4. They can predict outcomes

So much of social media marketing is about planning content calendars and looking forward. But how can you confidently plan for the next three to six months when things are constantly changing? The answer is social data.

With social data, analysts can turn hunches into real and actionable ideas. They take note of recurring patterns, analyze relevant listening data, evaluate the content types that consistently engage your audience and track the way content performance varies across channels over time.

With this information, you can create more targeted content for your audience, apply collective insights to larger marketing campaigns and even surface invaluable product feedback.

5. They don’t just focus on their own brand

To understand your own brand health, you need to benchmark your social performance and presence against top competitors in your industry.

Competitive analysis is a critical skill for analysts. It helps them give you deeper insight into what strategies work in your industry, how products and services are differentiated, where there are gaps in your content and how you need to adjust to stand out from the competition.

Analysts can manually review competitors on social use competitor reports and listening tools in Sprout to simplify the process.

Analysts will also scour industry trend reports, data reports from social channels and internal customer data to backup your social data. Then, on top of that, they leverage social listening data to add an extra layer of cultural context—a benefit that social media uniquely provides.

Once analysts have the data, they should share their findings far and wide, so teams across their org can leverage that competitive analysis to create new or improved products, campaigns or creative assets.

6. They help you manage a crisis

 Social media analysis is not just useful for retrospective reporting but can also drive proactive decision-making—which is essential during a crisis.

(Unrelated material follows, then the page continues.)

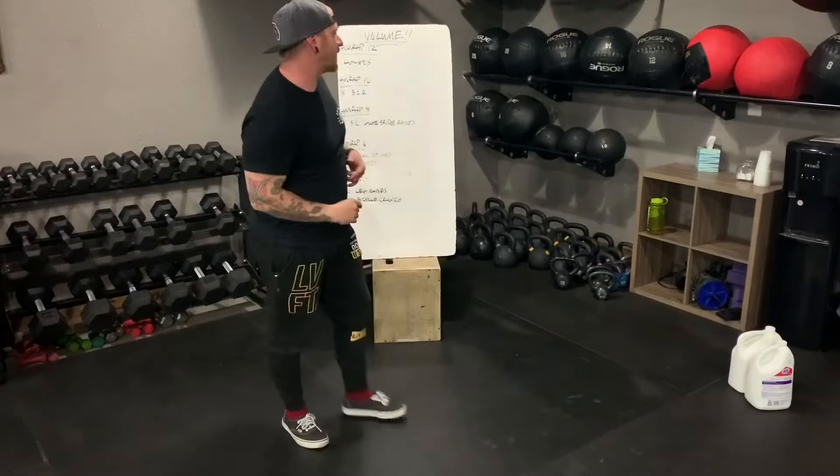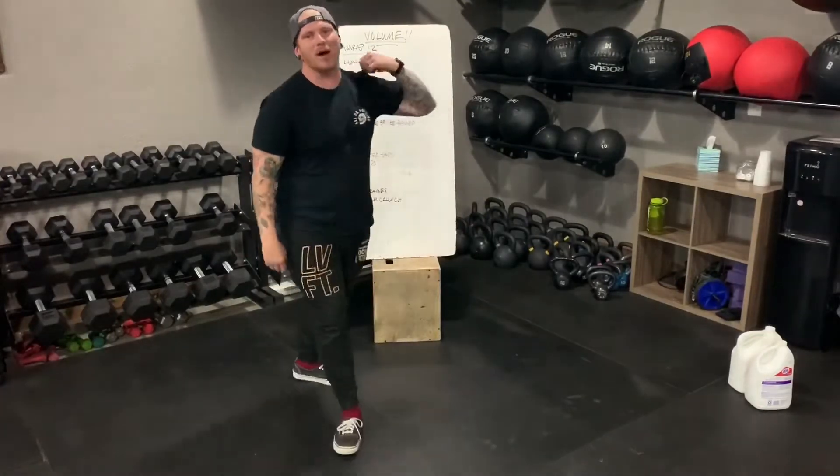Yo, happy Friday. Today's workout is all about volume. At first it might be a little bit intimidating but it's not that big a deal. So the first exercise we're gonna do is a 12 minute AMRAP of walking lunges. It sounds crazy, it's not that big a deal.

For example, analysts at Indiana University (IU) used Sprout’s Premium Analytics to manage an unfolding crisis. When a Twitter account with half a million followers unearthed some insensitive Tweets from a tenured IU professor, the social team set up a Listening Topic to track data like the volume and reach of conversations happening around the issue.

Their social team was able to then provide insight into the progression of the crisis, the social narrative, inflection points and what caused them. With this data, the team came to leadership with recommendations about what actions to take. And their leaders listened.

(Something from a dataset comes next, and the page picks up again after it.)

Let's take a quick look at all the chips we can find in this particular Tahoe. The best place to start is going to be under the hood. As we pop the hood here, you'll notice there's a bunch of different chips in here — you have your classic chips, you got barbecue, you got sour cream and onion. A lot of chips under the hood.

Within almost 24 hours of when the issue really escalated, IU’s provost released a statement, staked out IU’s position condemning the professor’s Tweets and mitigated the crisis, thanks to the analysis and intelligence on the social team.

Build an all-star team that sees social data differently

Deeper data analysis can break social out of the marketing silo and impact every area of your business. So, if you’re able to add a social analyst to your social team, seize the opportunity. But if you’re still working as a social team of one, embrace the skills and habits of an analyst to become a more well-rounded, influential marketer. And if you need more powerful tools to get the job done, Sprout Social has you covered.